▶ Given records:

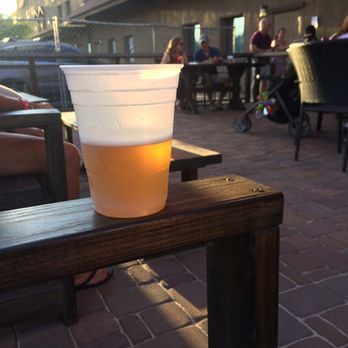 Button Brew House - A beer on their patio - Breweries Near Me - Tucson, Arizona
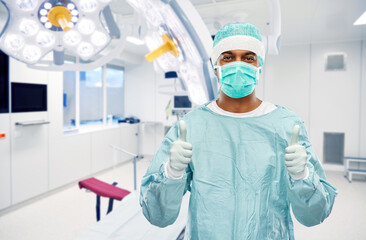 Fototapeta na wymiar medicine, surgery and people concept - indian male doctor or surgeon in mask and protective wear showing thumbs up over operating room at hospital background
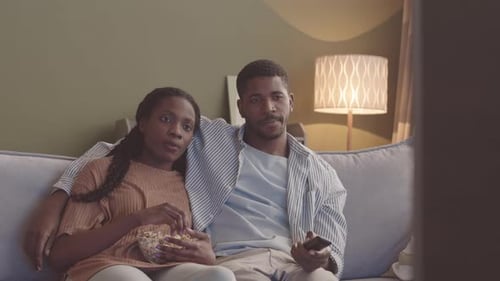 Couple Relaxing on Couch at Home, Watching TV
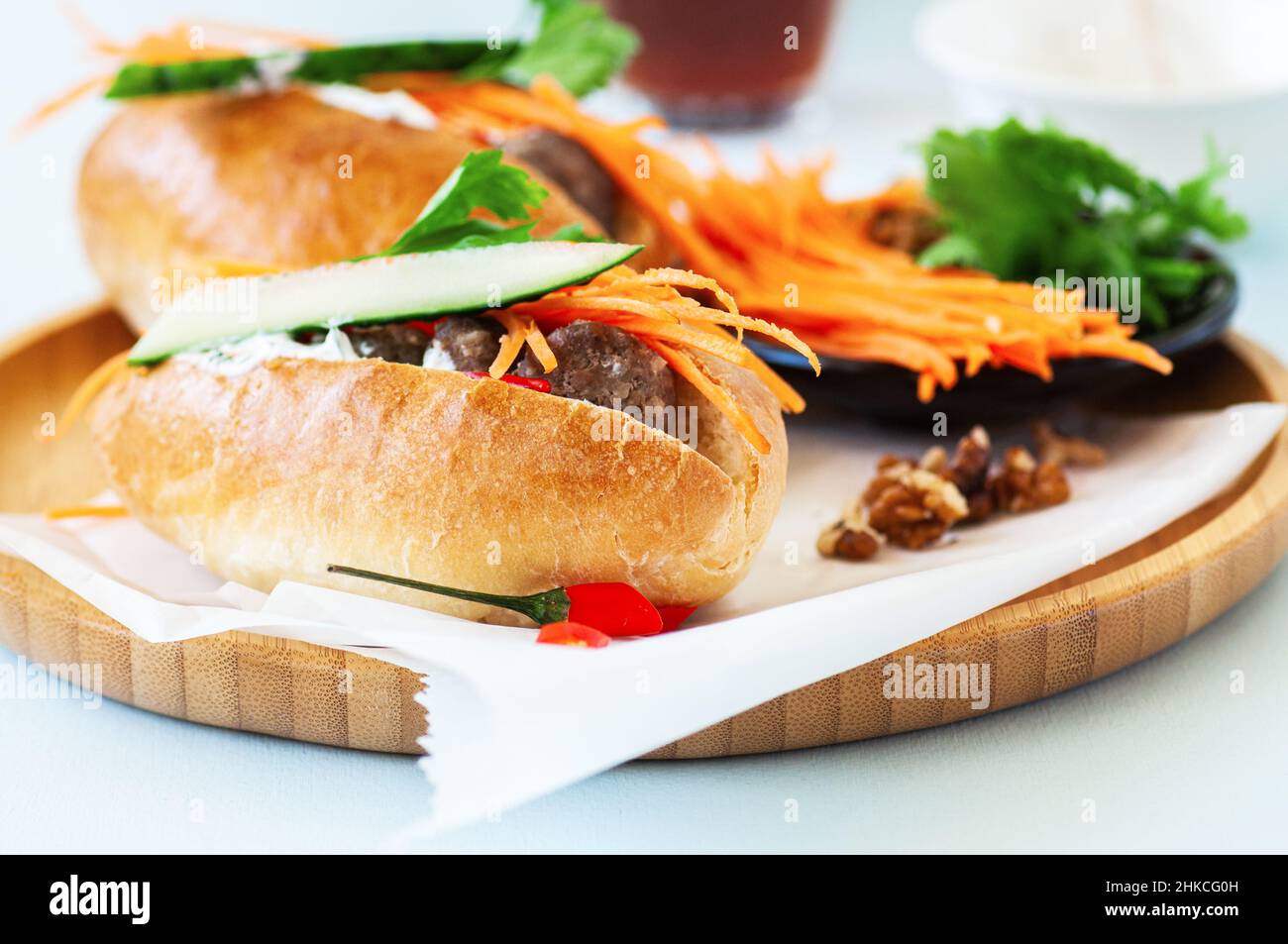 Homemade hotdogs with beef meatballs with vegetables. Close up. Stock Photo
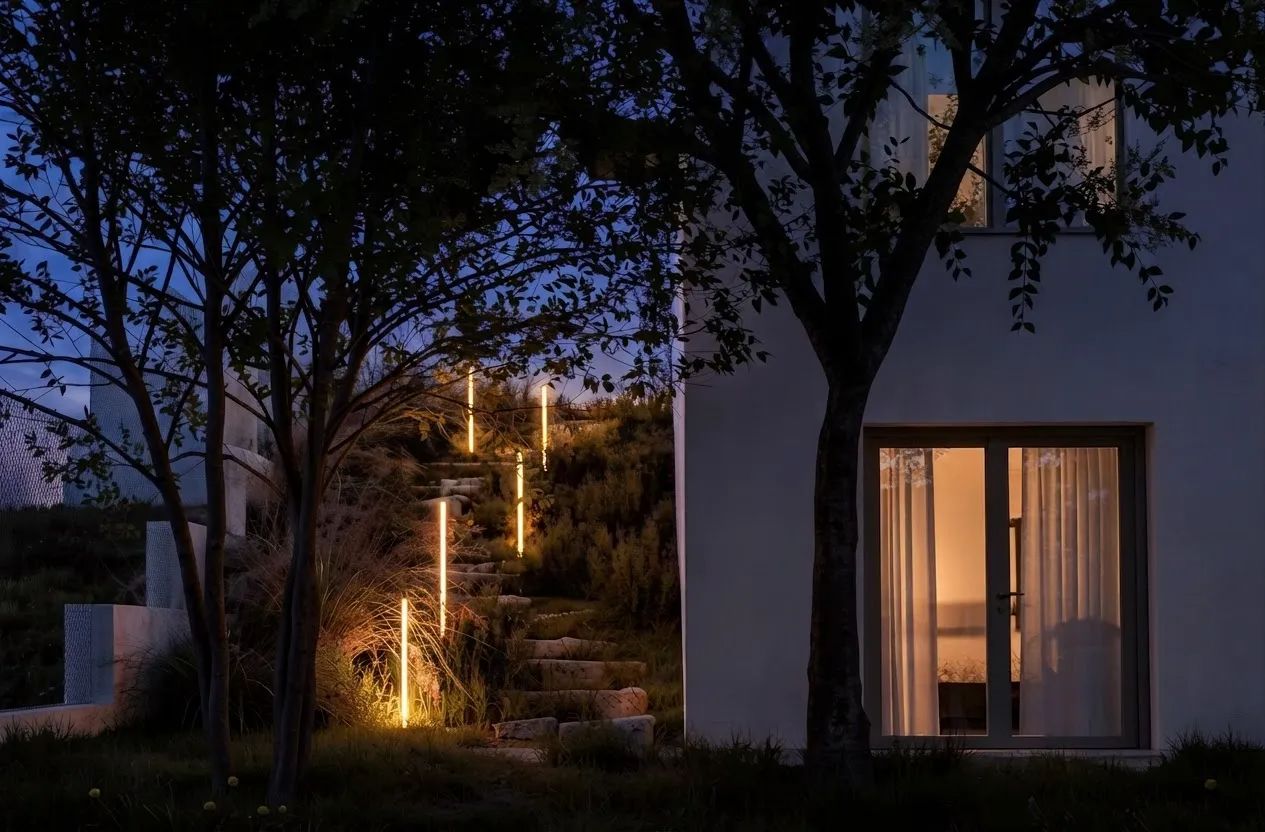 Casa MV — ușa-fereastră a parterului iluminată noaptea și scara exterioară pe pantă, marcată de stâlpi luminoși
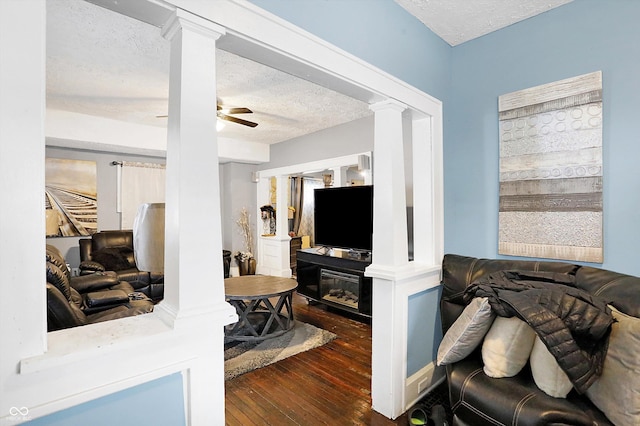 living room with a textured ceiling, a ceiling fan, wood-type flooring, a glass covered fireplace, and decorative columns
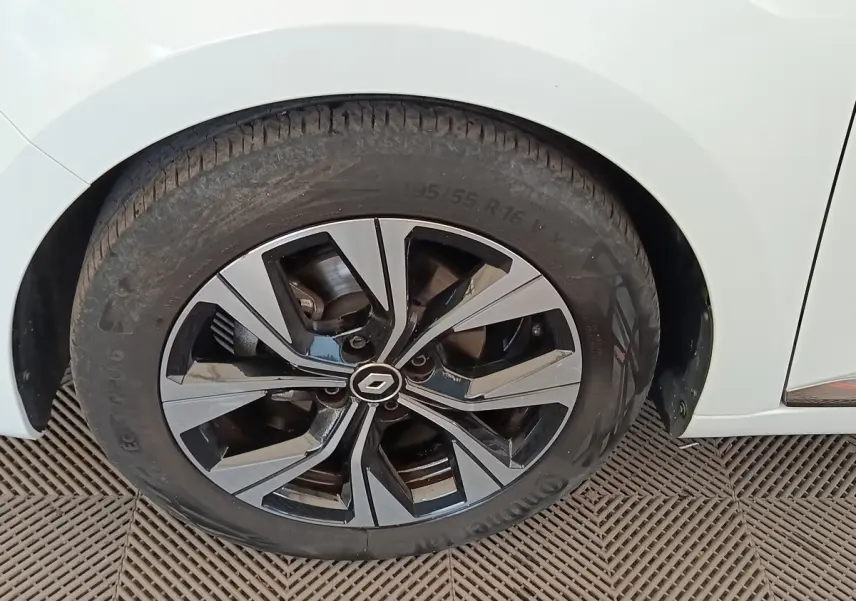 Gros plan sur la roue avant droite d’une Renault Clio blanche, avec jante alliage bicolore au design moderne.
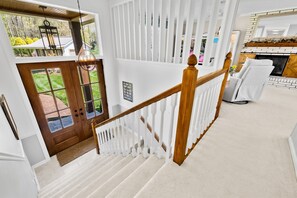 A staircase with a wooden handrail and white balusters, leading to a room with a fireplace and a view of a garden. - NEW! Hot Tub, Large Dock, Sunset Views | Sleeps 11 (Mooresville)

▶ The problem: Transcribe word for word only the lines from the one with "Homemade hotdogs with" through the end of the listing; every picture is to be omitted.

▶ Output below:
 Homemade hotdogs with beef meatballs with vegetables. Close up. Stock Photo
 Casa MV — ușa-fereastră a parterului iluminată noaptea și scara exterioară pe pantă, marcată de stâlpi luminoși
 living room with a textured ceiling, a ceiling fan, wood-type flooring, a glass covered fireplace, and decorative columns
 Gros plan sur la roue avant droite d’une Renault Clio blanche, avec jante alliage bicolore au design moderne.
 A staircase with a wooden handrail and white balusters, leading to a room with a fireplace and a view of a garden. - NEW! Hot Tub, Large Dock, Sunset Views | Sleeps 11 (Mooresville)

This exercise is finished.